Green’s Dictionary of Slang

sardine n.

1. (US) a general term of abuse, a fool.

[US]S.F. Call 26 Mar. n.p.: ‘Answer the question.’ ‘Answer it yourself, if you can. I’m no sardine.’.
[US]C.G. Leland ‘Breitmann in Politics’ in Hans Breitmann About Town 50: Ash dey shvored dat Copitan Breitmann / Vas a brick-pat, and no sardine.
[US]Petroleum Centre Dly Record (PA) 17 Sept. 2/1: ‘What’s that, you sardine!’.
[US]J. Miller First Fam’lies in the Sierras 51: Well, Sandy is no sardine.
[US]Wichita Eagle (KS) 24 Dec. 7/1: What excuse can possibly be offered for such words as [...] ‘sardine,’ ‘chump’ [etc.].
[US]W.C. Gore Student Sl. in Cohen (1997) 14: sardine n. Fellow, ‘duffer’.
[US]M.G. Hayden ‘Terms Of Disparagement’ in DN IV:iii 198: sardine, a simpleton.

2. (US) a person.

[US]Night Side of N.Y. 118: It was not long before they were recruited by a fresh lot of young ‘sardines’ from some where else.
[US]Ft Worth Dly Gaz. (TX) 29 Aug. 6/3: When we met a good old friend [...] / We greeted him but didn’t say / ‘Hello, you old sardine’.
[US]F. Dumont Dumont’s Joke Book 42: Dudes are called ‘sardines’.
[US]H. Green Actors’ Boarding House (1906) 370: Where can the old sardine be?
[US]J.P. McEvoy Hollywood Girl 227: Give my love to all the rush hour sardines.
[US]T. Wolfe Web and the Rock 402: Every man, the blind could tell you as they struggled through the subway door while there was still room for one more visionless sardine, was ‘getting his’.
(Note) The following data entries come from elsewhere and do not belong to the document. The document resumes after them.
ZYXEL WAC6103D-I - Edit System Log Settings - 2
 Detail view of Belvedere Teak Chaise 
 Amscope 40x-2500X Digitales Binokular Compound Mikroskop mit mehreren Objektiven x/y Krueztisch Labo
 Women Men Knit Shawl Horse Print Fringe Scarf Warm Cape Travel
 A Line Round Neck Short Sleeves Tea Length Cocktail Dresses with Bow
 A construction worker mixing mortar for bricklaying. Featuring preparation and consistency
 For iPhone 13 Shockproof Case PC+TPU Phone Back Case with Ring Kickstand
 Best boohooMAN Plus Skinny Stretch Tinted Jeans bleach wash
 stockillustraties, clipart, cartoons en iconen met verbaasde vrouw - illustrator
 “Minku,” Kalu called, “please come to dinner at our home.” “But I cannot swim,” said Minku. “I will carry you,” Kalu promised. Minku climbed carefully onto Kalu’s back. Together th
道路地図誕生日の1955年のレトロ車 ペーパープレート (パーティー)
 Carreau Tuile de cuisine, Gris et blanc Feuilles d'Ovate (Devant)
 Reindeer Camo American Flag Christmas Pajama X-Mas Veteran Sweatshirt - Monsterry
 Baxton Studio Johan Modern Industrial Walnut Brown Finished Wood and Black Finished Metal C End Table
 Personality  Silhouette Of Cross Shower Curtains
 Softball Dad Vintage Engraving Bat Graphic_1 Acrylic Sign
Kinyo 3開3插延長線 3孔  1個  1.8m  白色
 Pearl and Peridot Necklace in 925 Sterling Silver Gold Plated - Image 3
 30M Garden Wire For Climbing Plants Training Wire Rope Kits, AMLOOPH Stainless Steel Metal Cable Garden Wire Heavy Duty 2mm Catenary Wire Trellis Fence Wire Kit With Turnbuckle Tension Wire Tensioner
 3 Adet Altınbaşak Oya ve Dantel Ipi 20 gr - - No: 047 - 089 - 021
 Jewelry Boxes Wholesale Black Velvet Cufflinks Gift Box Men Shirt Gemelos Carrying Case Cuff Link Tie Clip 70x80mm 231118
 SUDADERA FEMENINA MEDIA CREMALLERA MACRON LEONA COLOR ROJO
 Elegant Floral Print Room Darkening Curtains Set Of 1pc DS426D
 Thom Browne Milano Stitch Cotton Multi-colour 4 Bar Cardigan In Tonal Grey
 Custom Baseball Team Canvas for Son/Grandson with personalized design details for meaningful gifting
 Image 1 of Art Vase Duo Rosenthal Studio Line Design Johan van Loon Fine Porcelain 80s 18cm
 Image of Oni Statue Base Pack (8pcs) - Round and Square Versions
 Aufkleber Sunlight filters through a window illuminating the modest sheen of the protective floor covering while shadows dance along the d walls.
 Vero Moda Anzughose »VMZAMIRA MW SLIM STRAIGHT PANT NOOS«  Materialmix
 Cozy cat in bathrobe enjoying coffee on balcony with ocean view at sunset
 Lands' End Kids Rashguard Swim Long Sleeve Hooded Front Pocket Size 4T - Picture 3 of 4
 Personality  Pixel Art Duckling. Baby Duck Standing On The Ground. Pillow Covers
3. (US campus) a young woman.

[US]F.S. Fitzgerald This Side of Paradise in Bodley Head Scott Fitzgerald III (1960) 55: I’d like to bring a sardine to the prom in June.
[NZ]Eve. Post (Wellington) 25 Jan. 8/8: Modern Americanisms [...] The names for girls are legion [...] ‘Canary,’ ‘Hairpin,’ ‘Sardine,’ ‘Hotsie-Totsie’ or plain ’darb’.

4. a run-down prostitute.

[US]Monteleone Criminal Sl. (rev. edn) 200: sardine A dirty and filthy prostitute.

SE in slang uses, implying tight packing

In compounds

sardine box (n.)

1. a small railway compartment; note Punch’s nickname (1890) for the underground City & S, London Railway: the sardine-box railway.

[Amer. Machinist 25 1168/1: During the rush hours every car of every line is packed like a sardine box].
[US]W.A. Livergood diary 15 June 🌐 We went up to the railroad station at about 8 Oclock got on the train [...] We were packed in them sardine boxes.

2. (US) a small apartment.

[US]D. Runyon ‘Far from the Big, Bright Aisle’ 9 July [synd. col.] I’d sort o’ like to [...] hang me hat up in the sardine box [...] which I called home .
sardine can (n.)

1. a prison or police van [the close-packing of the prisoners].

[UK]J. Ware Passing Eng. of the Victorian Era.
[UK]P. Baker Blood Posse 301: I [was] slung into a solid iron van known as a sardine can.

2. (US) a small car.

Eve. Capital News (Boise, ID) 4 Jan. 33/1: ‘Some sardine can you’re driving, Jeff’.
[[US]T. Pluck ‘Deadbeat’ in Life During Wartime (2018) 28: My cousin Kari’s wants a Chevy Suburban, says she feels like she’s in a tiny can of sardines driving the minivan].
sardine grip (n.)

(Aus.) a close embrace.

[Aus]Sport (Adelaide) 1 May 4/2: John W reckons the sardine grip is good, but has not caught a tart .
sardine money (n.) [the image of tinned sardines as poor people’s food]

(US black) a nugatory amount of money.

[US]‘Grandmaster Flash’ Adventures 149: ‘We’re top-billing,’ says Rahiem, ‘and you’re paying us sardine money’.
sardine tin (n.)

(Aus.) any extremely small dwelling.

[UK]Sporting Times 20 Jan. 3/4: Folks called her a floating palace— / Outboard she looked that same— / But a sardine tin she was within, / ’Twas we that gave her the name!

In phrases

do the sardine act (v.)

(US black) to stand extremely close to one’s neighbours, e.g. in an auditorium.

‘Marienne’ ‘Solid Meddlin’’ in People’s Voice (NY) 14 Mar. 33/1: The auditorium was doing the sardine act and the mitt pounding came up like thunder.